I have to agree with Sharkboy when he said half way through Cachorro: “We need to have more Bear parties.”
Stack the Cats
An addictive and fun game.Love the Crazy Cat Lady. (From Boingboing)
Bulk Packs?
I’m skivving off work at the moment. Looking for two-man hammocks (is that homoerotic?) and I find this on the Costco site.
Does the US Army shop there, post-Iraq, end-of-aggressions?
Tacking on History
I discovered that I had not transfered all my old blog before deleting it off the server. I showed my boss the WayBack machine at Archive.org and thought to look in on my old stomping/griping ground “mytorontoapartment.com”. I am sitting here at work, slowly adding to the archives. Feel free to scan them. I’ve had to edit them slightly only for broken links and long gone images. So no ‘unfeasably larged testicle raccoon animated GIF’ anymore. Sorry.

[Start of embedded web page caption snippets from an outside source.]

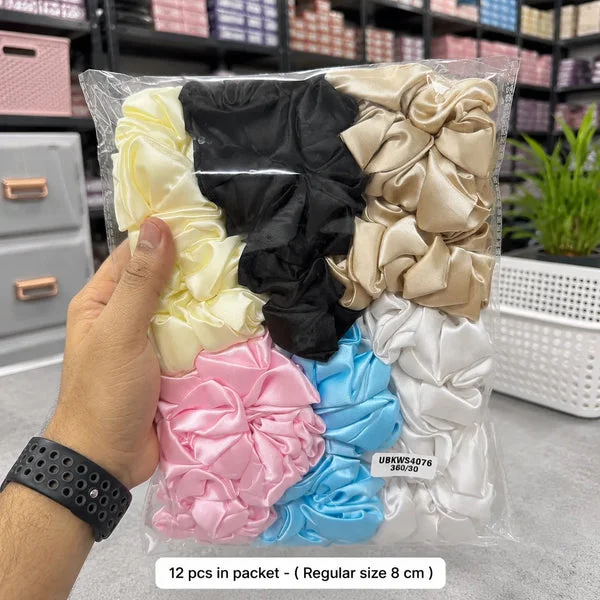 Hand Made Satin Scrunchies 12 Pieces Pack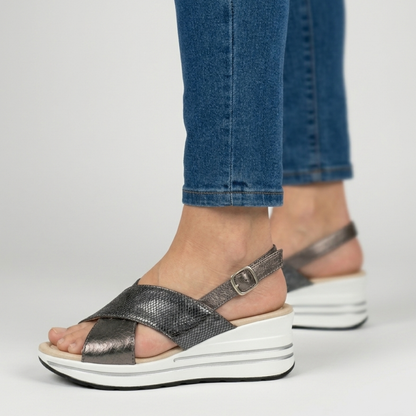 Trude | Comfort Sandals with Wedge Sole and Crossover Straps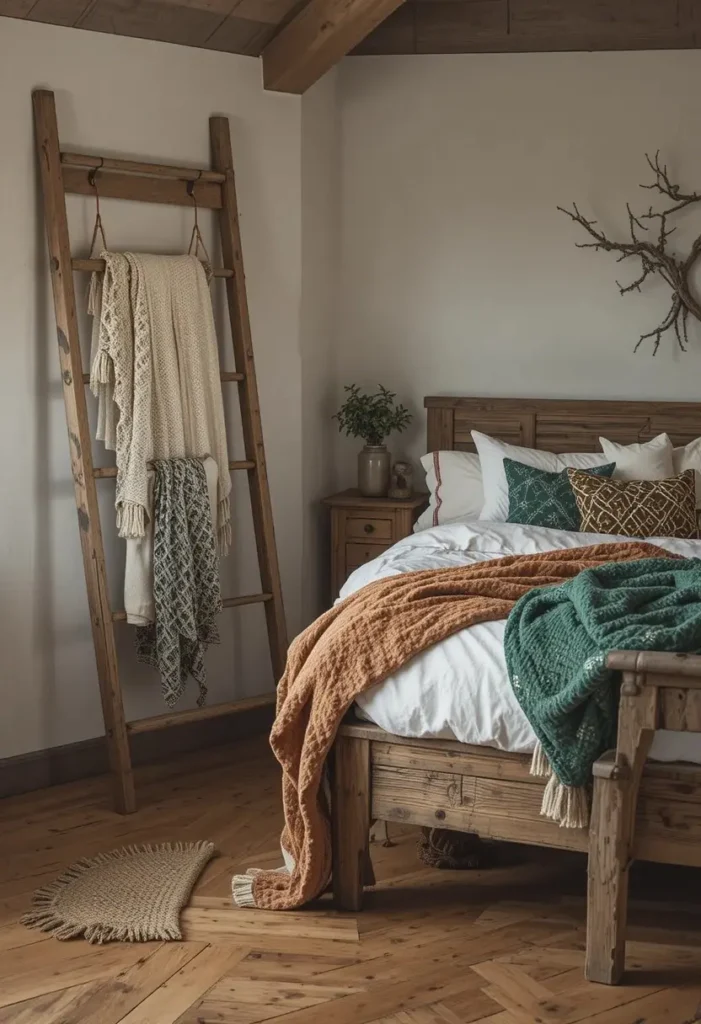 Wooden ladder blanket rack displaying cozy throws in a rustic bedroom.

My first day without a job. I went in and cleaned out my desk and handed over the keys. It felt good. Last night was a good fun bar shift. Near the end there were 9 guys around my bar and some of them I have had sex with (and would again) and the others I would have liked to. At one point I had a guy with a huge foreskin kneeling on top of my bar, serving shooters out of it. Here’s a tip for you bar-going types: If the bartender buys you a drink, don’t tell him you find the busboy attractive. A guy did just that to me after I bought him the drink. I then put on my best liar-face and proceeded to explain that the busboy was a female to male transgender and if you didnt believe me, look at the eyes and hands. Oh, and ask him outright, he’s very very proud of being transgendered. I then stirred the pot more by going over to the busboy and saying “That guy at the end of the bar likes you…he wants to know your background.” So the busboy went over and struck up a conversation. You should have seen the guy’s eyes as he went from the busboy’s face, hands, hairy forearms, back to his face…looking for any signs of femininity. I will miss that job.

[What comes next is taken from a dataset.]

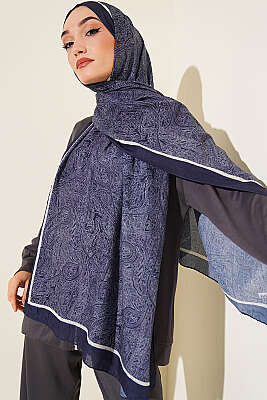 Şerit Detaylı Etnik Desenli Şal Lacivert - MODA KAPRİS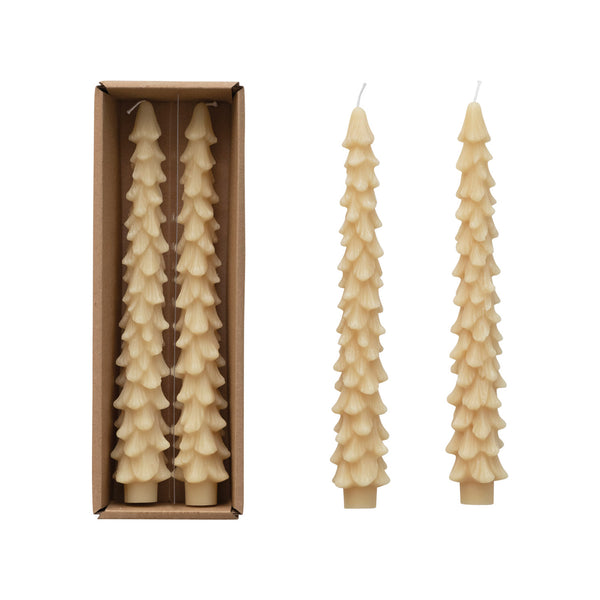 Unscented Tree Shaped Taper Candles, Set of 2, Cream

I went and saw Texas Chainsaw Massacre this evening. It was like watching a American Eagle Outfitters fashion commercial for the first 20 minutes and then BAM in walks R. Lee Ermey as the sherrif. Someone must have given him acting lessons after Full Metal Jacket because he pretty much stole the show, other than Jennifer Beal’s boobies.
My First Extra Gig
I went and saw Kill Bill this afternoon. It was impressive, action-packed, stylish and clever. Your basic Tarantino film. I recommend it to all who like anime, Japanese fighting movies, 70s pulp fiction, and Uma Thermin. Lucy Liu was ok, but she only had one good scene where she looses her cool. She could have had great acting but it was replaced by an anime hommage for her character set up and development. Gotta love the camera shot through the hole in the assasinated politician at the two escorts looking back and screaming. Brilliant. The only troubling thing I think about post-really-cool-movie elation is that most of the fight scenes weren’t really original. There was the decaps, the dismembs, and even the sword-over-the-head-kill-the-guy-behind-you-before-swinging-it-down-onto-your-opponent move. I wonder how many movies will be made with these Hong Kong wirefight moves? Like the slo mo/fast action pan in The Matrix, we will probably get tired of them and move on.
I just got a call. My first extra gig is on Prom Queen. The made-for-tv story of that guy who took his male date to the prom. Exploitation upon exploitation! Just give me the cash! This should be interesting.